Çok önemlidir. Çünkü hemen ertesinde de kronik böbrek hastalığına giden bir süreç başlamaktadır. Diyabetik hastalarda genel olarak kalp ve damar sağlığı riski çok artmış durumdadır. Çünkü diyabetik hastalarda hipertansiyon da sıktır. Üstelik hele ki böbrek tutulumu olmuşsa, hem hipertansiyon daha belirginleşmekte, hem de diğer kalp ve damar sağlığı riskleri biraz daha artmaktadır. Dolayısıyla diyabet hastaları kalp ve damar sağlığı açısından risk altındadırlar. Genel olarak kalp ve damar sağlığı ile ilişkili olan risk faktörleri diyabeti de beraberinde getirir.
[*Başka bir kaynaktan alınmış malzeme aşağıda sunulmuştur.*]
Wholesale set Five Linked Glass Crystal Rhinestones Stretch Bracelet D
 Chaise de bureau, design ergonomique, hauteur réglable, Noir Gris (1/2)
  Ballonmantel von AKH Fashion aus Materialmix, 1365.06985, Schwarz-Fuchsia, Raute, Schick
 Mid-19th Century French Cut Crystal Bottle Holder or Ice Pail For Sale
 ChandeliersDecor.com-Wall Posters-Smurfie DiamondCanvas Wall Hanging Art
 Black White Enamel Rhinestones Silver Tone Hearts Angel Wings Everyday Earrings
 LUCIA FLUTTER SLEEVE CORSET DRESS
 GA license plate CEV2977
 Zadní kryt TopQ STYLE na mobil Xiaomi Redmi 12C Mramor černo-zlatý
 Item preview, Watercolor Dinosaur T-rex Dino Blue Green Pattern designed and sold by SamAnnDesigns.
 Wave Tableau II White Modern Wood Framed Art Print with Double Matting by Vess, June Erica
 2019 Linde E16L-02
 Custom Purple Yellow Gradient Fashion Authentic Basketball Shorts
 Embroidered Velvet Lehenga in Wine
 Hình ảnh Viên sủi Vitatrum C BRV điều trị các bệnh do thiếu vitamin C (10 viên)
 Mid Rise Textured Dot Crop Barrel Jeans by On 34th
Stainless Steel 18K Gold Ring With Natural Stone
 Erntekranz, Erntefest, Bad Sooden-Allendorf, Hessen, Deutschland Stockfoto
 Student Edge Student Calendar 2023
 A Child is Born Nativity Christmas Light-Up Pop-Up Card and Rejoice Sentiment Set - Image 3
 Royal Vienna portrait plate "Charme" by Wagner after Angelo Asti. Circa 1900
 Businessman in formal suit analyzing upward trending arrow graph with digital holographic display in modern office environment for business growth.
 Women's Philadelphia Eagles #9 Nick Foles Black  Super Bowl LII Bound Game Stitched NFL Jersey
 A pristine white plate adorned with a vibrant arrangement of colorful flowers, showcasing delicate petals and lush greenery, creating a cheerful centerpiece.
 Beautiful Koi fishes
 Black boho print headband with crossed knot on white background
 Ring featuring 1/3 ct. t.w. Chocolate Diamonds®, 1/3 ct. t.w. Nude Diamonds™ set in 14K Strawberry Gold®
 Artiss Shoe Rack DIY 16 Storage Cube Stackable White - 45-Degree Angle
Hareketsiz yaşam, aşırı kilolu olmak, sağlıksız beslenmek, aşırı tuz ve şekerli gıdaları tüketmek, uzun vadede aşırı kiloyu, diyabeti de getirmekte, sonuçta kısır döngü şeklinde kalp ve damar sağlığını olumsuz etkilemektedir.
Aile hekimliği ile birlikte bu hastalar için önereceğiniz noktalar var mı? Diyabet gelişiminde olan hastalarda hipertansiyonun daha sıkı kontrol altına alınması gibi ya da kombine tedavilerin öne çıkarılması gibi bir formül mesela.
Çok doğru diyabetik hastalarda iyi kan basıncı, iyi kan şekerinin etkin bir şekilde kontrol edilmesinin uzun dönemde hem sağ kalımı hem de kalp ve damar sağlığını çok olumlu etkilediği gösterilmiş. Dolayısıyla hekim arkadaşlarımız bunların farkında olarak hem diyabetik hem de hipertansif olan hastalarda biraz daha etkin kan basıncı ve kan şekeri kontrolüne yönelmelidir. Çünkü bunlar uzun dönemde kalp damar sağlığını olumlu etkileyecek ve hasta sağkalımını düzeltecektir. Bunu yaparken bir de, antihipertansif seçiminde dikkatli olmalılar. Çünkü diyabet ve hipertansiyon beraberinde böbrek hastalığı varsa bu grup hastalarda özellikle anjiyotensin II blokajı yapan ilaçları tercih etmeleri gerekmektedir. Dolayısıyla hekimlerin bu konuda bilgili ve bilinçli olmaları önemlidir.
Şunu söylemek lazım 40 yaşındaki her sağlıklı birey en azından yılda 1 kez hekime başvurup tetkiklerini yaptırmalıdır. Kan basıncı ölçülmeli, kan ve idrar tetkikleri yapılmalıdır. Böylece prediyabeti saptama, hipertansiyonu saptama şansı var. Hipertansiyon sessiz katil olarak adlandırılır çünkü ölçmezseniz bilemezsiniz. Bazen diyabet de öyle oluyor. Tehlikenin farkına varmıyoruz ve sinsi bir şekilde hastalık ilerliyor. Toplumda bilinç arttıkça sağlık kontrolleri artırılacak ve bunlar daha iyi kontrol altına alınacak.